In order to use the functions and related data types that are not supported in the connect compatible api use classicFunctions:
import com.sparkutils.quality.classicFunctions._
The classicFunctions rule, engine, folder and expression runner functions will use connect where required and classic where possible. Functions which are only possible to use with classic are annotated with ClassicOnly.

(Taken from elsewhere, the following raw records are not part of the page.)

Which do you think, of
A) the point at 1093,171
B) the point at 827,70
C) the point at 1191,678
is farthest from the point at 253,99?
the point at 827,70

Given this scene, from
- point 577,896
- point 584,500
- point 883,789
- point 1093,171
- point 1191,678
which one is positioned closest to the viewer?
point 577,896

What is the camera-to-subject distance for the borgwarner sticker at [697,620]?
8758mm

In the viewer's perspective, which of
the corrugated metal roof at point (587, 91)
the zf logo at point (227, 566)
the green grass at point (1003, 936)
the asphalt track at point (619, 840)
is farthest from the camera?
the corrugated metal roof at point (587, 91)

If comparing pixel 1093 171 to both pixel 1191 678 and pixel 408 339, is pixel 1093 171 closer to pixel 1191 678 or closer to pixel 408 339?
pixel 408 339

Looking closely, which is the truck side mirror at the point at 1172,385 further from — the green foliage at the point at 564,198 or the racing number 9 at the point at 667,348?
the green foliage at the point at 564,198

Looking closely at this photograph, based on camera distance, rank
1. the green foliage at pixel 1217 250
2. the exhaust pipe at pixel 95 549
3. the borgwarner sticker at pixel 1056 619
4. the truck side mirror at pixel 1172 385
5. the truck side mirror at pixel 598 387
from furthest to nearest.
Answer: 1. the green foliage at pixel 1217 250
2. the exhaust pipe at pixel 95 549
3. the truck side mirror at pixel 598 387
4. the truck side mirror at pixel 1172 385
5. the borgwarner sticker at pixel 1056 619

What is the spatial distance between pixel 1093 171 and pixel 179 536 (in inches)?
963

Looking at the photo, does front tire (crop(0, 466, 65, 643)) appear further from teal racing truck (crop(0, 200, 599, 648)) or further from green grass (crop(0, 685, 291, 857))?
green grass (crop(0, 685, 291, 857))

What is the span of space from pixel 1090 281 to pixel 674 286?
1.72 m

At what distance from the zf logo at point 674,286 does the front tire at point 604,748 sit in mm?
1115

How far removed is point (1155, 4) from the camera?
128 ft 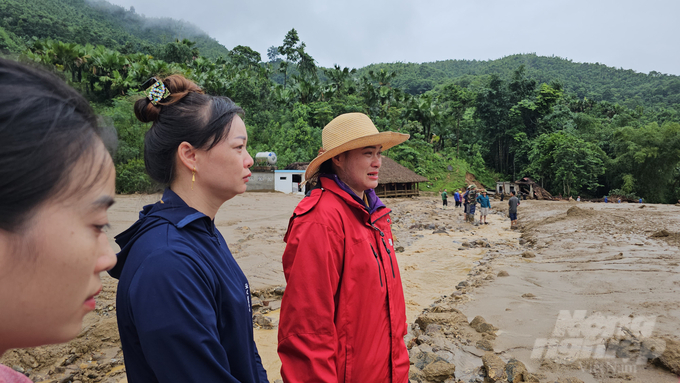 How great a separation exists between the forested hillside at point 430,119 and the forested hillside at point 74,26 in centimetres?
29

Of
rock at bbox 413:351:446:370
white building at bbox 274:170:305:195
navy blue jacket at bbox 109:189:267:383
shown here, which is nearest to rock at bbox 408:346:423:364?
rock at bbox 413:351:446:370

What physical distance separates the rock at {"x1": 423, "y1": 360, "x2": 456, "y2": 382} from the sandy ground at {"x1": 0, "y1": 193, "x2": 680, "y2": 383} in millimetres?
768

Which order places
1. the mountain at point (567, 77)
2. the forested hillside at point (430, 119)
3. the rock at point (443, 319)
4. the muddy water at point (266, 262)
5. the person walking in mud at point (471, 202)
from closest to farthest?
1. the muddy water at point (266, 262)
2. the rock at point (443, 319)
3. the person walking in mud at point (471, 202)
4. the forested hillside at point (430, 119)
5. the mountain at point (567, 77)

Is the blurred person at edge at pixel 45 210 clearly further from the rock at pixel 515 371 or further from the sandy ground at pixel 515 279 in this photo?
the rock at pixel 515 371

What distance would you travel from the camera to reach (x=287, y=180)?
25.0 metres

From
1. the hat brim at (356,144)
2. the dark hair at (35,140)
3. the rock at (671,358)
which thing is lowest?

registerQualityFunctions has no params?
com.sparkutils.quality.registerQualityFunctions no longer takes parameters. On classic, non quality_api, it forwards to the com.sparkutils.quality.classicFunction.registerQualityFunctions's default implementation. When using quality_api via connect it's a no-op, as the functions exist on the server.
Breaking Change Spark 4¶
The SQL function's map_lookup and map_contains take the additional parameter of the MapLookup Spark SQL Variable name:
map_lookup('mapid', expr, mapLookupsVar)
map_contains('mapid', expr, mapLookupsVar)
Spark 4, Connect and Remote Calls¶
The quality_api jars can be used as a remote interface to Quality functionality running as a SparkSessionExtension.

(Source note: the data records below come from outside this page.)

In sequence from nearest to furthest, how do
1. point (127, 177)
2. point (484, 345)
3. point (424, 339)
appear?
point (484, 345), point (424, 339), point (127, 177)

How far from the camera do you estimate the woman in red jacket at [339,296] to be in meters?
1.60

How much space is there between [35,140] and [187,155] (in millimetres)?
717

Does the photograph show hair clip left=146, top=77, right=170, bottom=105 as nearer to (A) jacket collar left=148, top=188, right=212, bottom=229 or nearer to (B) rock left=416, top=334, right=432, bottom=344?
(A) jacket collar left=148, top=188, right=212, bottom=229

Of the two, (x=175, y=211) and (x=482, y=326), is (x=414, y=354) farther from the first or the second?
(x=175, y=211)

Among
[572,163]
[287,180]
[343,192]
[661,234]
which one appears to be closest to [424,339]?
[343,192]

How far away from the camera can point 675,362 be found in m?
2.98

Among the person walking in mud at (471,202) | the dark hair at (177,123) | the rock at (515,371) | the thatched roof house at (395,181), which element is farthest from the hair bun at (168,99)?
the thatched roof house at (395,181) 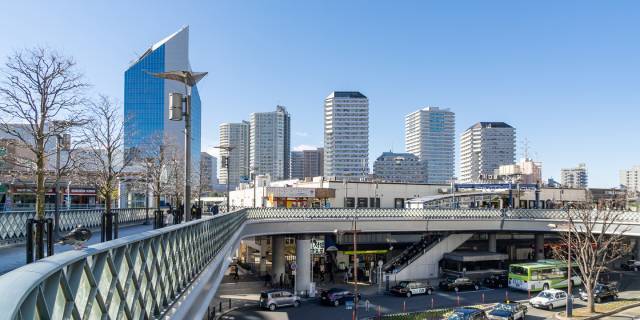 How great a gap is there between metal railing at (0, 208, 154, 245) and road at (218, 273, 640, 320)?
10.2 meters

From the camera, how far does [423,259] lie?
163ft

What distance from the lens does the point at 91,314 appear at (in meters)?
4.81

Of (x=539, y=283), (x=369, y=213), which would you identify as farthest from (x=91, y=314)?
(x=539, y=283)

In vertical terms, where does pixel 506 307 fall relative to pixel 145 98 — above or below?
below

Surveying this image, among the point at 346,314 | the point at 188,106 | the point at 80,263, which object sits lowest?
the point at 346,314

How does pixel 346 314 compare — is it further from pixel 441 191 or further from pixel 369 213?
pixel 441 191

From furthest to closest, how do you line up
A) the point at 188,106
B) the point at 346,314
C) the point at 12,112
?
the point at 346,314, the point at 12,112, the point at 188,106

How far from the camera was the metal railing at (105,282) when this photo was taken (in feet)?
10.7

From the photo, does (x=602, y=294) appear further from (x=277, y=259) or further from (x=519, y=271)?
(x=277, y=259)

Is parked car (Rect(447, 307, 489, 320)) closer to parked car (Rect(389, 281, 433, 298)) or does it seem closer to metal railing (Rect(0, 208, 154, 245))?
parked car (Rect(389, 281, 433, 298))

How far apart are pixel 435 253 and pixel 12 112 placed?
41.5 meters

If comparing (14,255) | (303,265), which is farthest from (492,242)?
(14,255)

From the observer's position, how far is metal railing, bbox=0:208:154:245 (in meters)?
19.0

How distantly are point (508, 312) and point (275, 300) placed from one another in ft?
52.6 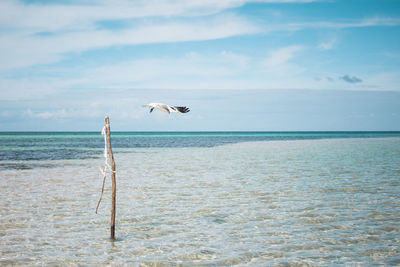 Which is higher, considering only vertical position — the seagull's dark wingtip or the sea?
the seagull's dark wingtip

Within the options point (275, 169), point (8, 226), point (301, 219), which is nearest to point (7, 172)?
point (8, 226)

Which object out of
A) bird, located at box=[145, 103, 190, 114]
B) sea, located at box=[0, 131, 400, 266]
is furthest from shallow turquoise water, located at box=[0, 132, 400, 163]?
bird, located at box=[145, 103, 190, 114]

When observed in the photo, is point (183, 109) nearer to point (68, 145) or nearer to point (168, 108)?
point (168, 108)

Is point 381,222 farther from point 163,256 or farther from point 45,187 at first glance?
point 45,187

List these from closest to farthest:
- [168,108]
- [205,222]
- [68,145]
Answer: [168,108]
[205,222]
[68,145]

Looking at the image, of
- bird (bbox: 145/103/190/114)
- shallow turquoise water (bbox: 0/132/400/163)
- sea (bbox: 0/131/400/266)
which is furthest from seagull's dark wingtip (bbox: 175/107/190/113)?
shallow turquoise water (bbox: 0/132/400/163)

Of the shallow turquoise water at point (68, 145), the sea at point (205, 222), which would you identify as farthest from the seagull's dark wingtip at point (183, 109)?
the shallow turquoise water at point (68, 145)

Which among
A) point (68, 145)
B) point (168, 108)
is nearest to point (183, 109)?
point (168, 108)

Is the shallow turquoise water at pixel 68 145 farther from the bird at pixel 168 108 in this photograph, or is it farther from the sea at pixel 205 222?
the bird at pixel 168 108

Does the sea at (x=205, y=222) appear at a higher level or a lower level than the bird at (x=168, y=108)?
lower

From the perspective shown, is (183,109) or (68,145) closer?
(183,109)

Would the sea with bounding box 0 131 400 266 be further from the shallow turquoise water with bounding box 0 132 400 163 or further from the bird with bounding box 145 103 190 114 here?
the shallow turquoise water with bounding box 0 132 400 163

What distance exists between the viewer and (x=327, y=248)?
846 cm

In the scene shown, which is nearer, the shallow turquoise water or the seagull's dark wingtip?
the seagull's dark wingtip
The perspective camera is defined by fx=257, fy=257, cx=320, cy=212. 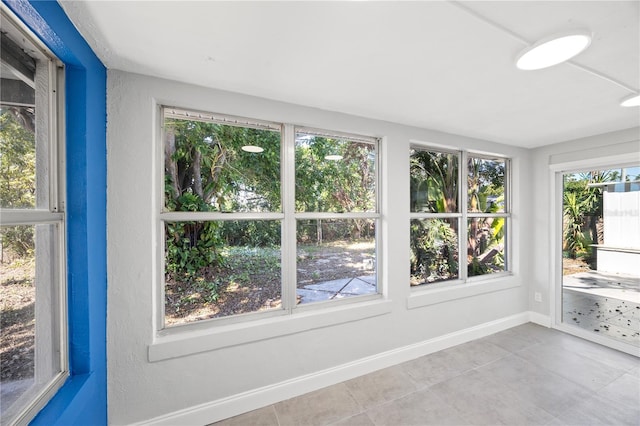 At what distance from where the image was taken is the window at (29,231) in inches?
37.8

The new quality_api jar provides a very thin and stable interface that simply forwards execution to the SparkSessionExtension on the driver and acts as an example of what other language support should provide.
In this pattern the 'client' application only needs to depend on the quality_api jar, allowing the exact Quality implementation 'server' to be upgraded. Under OSS Spark 4:
- spark.sql.artifact.isolation.enabled and
- spark.sql.artifact.isolation.alwaysApplyClassloader
allow multiple client applications to exist and safely share the server, enabled by default when using the Spark Connect server or "spark.api.mode=connect". Databricks Shared Compute clusters with Lakeguard provide the same isolation.
Building The Library¶
- fork,
- use the Scala dev environment of your choice,
- or build directly using Maven
Building via commandline¶
For OSS versions (non Databricks runtime - dbr):
mvn --batch-mode --errors --fail-at-end --show-version -DinstallAtEnd=true -DdeployAtEnd=true -DskipTests install -P Spark321
but dbr versions will not be able to run tests from the command line (typically not an issue in intellij):
mvn --batch-mode --errors --fail-at-end --show-version -DinstallAtEnd=true -DdeployAtEnd=true -DskipTests clean install -P 10.4.dbr
You may also build the shaded uber test jar for easy testing in Spark clusters for each profile:
mvn -f testShades/pom.xml --batch-mode --errors --fail-at-end --show-version -DinstallAtEnd=true -DdeployAtEnd=true -Dmaven.test.skip=true clean install -P 10.4.dbr
The uber test jar artefact starts with 'quality_testshade_' instead of just 'quality_' and is located in the testShades/target/ directory of a given build. This is also true for the artefacts of a runtime build job within a full build gitlab pipeline. All of the required jar's are shaded so you can quickly jump into using Quality in notebooks for example.
Running the tests¶
In order to run the tests you must follow these instructions to create a fake winutils.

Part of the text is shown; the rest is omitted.